__EXERCISE DESCRIPTION__: Here are the records. Write out exactly the lines between the one holding "NWOT Zara Gold Metal Leaf Bracelet" and the one holding "Building Photo - 350 NE 3rd St", inclusive.

__MATERIAL FOR THIS TASK__:
++++++++++++++++++++
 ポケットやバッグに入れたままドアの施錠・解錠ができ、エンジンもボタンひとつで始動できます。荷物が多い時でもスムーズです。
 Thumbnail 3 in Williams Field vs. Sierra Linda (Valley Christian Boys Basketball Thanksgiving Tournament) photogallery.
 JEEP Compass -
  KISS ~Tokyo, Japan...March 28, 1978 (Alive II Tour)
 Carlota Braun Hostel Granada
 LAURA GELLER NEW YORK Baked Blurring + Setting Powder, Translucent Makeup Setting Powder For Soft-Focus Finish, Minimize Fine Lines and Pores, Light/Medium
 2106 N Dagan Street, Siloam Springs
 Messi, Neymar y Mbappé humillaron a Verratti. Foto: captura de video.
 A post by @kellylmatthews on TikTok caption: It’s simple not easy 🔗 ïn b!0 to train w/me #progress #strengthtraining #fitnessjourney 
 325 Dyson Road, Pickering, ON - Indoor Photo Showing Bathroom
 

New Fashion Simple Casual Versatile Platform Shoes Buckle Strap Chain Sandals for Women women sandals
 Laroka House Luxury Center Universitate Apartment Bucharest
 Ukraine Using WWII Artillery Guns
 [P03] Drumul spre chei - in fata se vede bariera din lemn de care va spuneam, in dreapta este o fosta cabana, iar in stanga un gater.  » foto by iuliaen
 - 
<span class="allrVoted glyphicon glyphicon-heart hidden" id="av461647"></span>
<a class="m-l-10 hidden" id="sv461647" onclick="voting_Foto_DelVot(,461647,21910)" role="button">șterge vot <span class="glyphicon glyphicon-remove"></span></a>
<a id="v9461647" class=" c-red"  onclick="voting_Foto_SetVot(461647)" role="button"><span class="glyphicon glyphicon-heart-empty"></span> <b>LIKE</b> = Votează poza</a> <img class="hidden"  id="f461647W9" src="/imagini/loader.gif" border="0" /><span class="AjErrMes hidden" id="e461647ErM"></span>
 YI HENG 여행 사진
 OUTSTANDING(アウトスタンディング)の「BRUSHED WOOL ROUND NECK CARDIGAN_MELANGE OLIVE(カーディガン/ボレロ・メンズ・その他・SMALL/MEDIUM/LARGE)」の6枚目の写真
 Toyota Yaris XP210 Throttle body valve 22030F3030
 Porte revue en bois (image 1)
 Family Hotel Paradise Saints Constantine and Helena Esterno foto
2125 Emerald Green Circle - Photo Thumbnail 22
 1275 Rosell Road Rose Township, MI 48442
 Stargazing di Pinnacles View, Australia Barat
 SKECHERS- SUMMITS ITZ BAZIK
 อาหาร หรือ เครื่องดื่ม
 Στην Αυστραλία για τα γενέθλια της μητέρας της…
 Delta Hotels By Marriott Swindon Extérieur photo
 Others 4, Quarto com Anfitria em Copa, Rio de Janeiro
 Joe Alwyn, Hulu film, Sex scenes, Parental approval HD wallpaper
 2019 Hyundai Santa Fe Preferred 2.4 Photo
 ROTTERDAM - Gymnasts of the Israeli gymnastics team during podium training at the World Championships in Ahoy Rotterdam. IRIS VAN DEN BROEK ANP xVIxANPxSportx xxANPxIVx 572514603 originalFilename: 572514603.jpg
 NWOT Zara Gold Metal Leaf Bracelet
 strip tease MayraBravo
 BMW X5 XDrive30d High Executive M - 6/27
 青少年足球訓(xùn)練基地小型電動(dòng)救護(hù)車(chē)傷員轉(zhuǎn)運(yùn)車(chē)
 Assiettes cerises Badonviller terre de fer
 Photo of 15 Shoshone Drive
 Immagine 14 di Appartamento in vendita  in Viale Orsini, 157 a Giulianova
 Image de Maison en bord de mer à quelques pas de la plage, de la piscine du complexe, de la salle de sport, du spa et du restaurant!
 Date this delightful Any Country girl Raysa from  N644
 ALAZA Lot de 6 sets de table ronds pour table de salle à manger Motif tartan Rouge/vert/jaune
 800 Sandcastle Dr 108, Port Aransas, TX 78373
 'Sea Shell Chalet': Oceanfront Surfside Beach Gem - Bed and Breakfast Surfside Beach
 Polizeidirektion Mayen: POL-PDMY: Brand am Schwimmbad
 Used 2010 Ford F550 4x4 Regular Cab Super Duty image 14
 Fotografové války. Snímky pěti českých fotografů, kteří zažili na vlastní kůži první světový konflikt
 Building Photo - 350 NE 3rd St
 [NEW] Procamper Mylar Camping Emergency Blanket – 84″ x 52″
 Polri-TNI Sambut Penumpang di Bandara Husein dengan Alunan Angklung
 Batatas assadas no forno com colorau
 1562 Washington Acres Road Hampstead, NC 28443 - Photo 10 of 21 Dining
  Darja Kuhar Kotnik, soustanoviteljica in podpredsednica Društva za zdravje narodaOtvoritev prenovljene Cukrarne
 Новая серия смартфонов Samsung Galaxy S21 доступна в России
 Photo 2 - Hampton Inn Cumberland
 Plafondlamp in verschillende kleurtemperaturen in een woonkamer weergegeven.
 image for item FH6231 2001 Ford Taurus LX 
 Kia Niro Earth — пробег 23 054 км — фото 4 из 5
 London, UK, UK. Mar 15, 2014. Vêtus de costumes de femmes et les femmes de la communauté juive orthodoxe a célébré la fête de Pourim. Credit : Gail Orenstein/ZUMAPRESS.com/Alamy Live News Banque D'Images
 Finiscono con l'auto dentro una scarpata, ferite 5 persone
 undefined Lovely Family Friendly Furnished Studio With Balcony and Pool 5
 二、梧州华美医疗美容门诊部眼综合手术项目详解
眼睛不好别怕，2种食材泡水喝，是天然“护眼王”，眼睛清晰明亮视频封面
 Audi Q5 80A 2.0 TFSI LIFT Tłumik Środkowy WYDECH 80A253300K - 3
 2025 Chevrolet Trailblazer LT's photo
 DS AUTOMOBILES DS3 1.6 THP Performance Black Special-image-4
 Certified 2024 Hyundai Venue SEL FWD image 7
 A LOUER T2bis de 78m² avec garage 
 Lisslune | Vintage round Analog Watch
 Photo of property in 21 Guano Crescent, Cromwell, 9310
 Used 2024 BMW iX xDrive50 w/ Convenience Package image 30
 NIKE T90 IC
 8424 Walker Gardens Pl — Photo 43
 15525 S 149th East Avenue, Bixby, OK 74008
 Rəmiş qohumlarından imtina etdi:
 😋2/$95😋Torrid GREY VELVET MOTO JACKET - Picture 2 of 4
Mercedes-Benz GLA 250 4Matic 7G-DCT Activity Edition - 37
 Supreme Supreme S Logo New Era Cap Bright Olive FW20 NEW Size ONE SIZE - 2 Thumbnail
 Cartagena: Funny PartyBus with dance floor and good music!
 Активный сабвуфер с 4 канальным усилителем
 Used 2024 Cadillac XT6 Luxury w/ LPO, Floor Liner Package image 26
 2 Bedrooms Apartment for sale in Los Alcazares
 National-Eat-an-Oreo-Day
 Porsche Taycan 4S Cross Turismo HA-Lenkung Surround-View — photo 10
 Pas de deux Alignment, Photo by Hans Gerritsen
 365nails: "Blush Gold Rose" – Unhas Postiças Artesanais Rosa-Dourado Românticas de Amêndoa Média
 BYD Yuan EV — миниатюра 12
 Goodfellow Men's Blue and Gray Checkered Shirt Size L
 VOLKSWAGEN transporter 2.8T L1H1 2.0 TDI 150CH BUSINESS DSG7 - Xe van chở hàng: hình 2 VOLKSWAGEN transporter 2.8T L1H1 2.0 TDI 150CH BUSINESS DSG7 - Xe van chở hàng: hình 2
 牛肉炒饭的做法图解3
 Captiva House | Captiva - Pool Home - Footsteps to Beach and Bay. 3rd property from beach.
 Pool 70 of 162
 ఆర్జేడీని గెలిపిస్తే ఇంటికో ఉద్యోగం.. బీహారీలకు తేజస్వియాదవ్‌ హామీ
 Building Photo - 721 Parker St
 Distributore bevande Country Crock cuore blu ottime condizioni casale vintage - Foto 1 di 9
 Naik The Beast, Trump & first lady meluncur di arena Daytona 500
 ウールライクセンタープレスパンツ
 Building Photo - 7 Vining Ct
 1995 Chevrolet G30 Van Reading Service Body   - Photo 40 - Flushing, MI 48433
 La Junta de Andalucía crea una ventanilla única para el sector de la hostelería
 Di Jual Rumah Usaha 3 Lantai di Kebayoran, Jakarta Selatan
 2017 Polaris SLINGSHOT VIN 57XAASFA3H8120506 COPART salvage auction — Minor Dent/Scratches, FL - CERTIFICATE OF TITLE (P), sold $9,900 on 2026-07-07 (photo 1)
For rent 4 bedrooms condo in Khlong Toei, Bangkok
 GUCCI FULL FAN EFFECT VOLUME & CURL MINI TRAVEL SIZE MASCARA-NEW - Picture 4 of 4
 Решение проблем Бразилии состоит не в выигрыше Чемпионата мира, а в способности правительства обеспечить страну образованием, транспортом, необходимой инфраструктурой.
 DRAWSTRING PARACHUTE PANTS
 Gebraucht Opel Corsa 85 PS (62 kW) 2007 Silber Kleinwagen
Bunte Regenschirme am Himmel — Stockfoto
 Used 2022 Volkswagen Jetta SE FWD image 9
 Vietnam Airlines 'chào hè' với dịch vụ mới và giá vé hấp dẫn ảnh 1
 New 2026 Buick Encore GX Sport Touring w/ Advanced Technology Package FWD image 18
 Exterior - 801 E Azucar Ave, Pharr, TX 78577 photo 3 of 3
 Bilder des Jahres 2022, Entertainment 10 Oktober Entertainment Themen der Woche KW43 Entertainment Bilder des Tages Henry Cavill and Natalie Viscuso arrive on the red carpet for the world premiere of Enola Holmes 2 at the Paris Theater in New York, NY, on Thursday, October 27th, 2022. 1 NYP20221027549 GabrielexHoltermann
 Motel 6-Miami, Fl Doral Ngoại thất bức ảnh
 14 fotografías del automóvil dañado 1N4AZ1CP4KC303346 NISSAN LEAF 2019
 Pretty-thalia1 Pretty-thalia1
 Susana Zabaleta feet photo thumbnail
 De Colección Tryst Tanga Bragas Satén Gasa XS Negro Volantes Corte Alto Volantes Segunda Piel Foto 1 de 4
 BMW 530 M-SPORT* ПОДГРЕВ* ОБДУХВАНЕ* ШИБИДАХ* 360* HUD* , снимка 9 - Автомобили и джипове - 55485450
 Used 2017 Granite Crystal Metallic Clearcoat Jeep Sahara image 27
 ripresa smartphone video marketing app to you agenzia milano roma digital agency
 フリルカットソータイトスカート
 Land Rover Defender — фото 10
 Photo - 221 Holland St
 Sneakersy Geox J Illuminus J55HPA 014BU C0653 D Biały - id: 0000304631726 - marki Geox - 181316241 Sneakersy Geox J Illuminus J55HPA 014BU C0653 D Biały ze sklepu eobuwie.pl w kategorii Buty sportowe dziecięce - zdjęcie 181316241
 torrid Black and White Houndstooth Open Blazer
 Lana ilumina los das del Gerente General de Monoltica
++++++++++++++++++++
__EXERCISE SOLUTION__:
 NWOT Zara Gold Metal Leaf Bracelet
 strip tease MayraBravo
 BMW X5 XDrive30d High Executive M - 6/27
 青少年足球訓(xùn)練基地小型電動(dòng)救護(hù)車(chē)傷員轉(zhuǎn)運(yùn)車(chē)
 Assiettes cerises Badonviller terre de fer
 Photo of 15 Shoshone Drive
 Immagine 14 di Appartamento in vendita  in Viale Orsini, 157 a Giulianova
 Image de Maison en bord de mer à quelques pas de la plage, de la piscine du complexe, de la salle de sport, du spa et du restaurant!
 Date this delightful Any Country girl Raysa from  N644
 ALAZA Lot de 6 sets de table ronds pour table de salle à manger Motif tartan Rouge/vert/jaune
 800 Sandcastle Dr 108, Port Aransas, TX 78373
 'Sea Shell Chalet': Oceanfront Surfside Beach Gem - Bed and Breakfast Surfside Beach
 Polizeidirektion Mayen: POL-PDMY: Brand am Schwimmbad
 Used 2010 Ford F550 4x4 Regular Cab Super Duty image 14
 Fotografové války. Snímky pěti českých fotografů, kteří zažili na vlastní kůži první světový konflikt
 Building Photo - 350 NE 3rd St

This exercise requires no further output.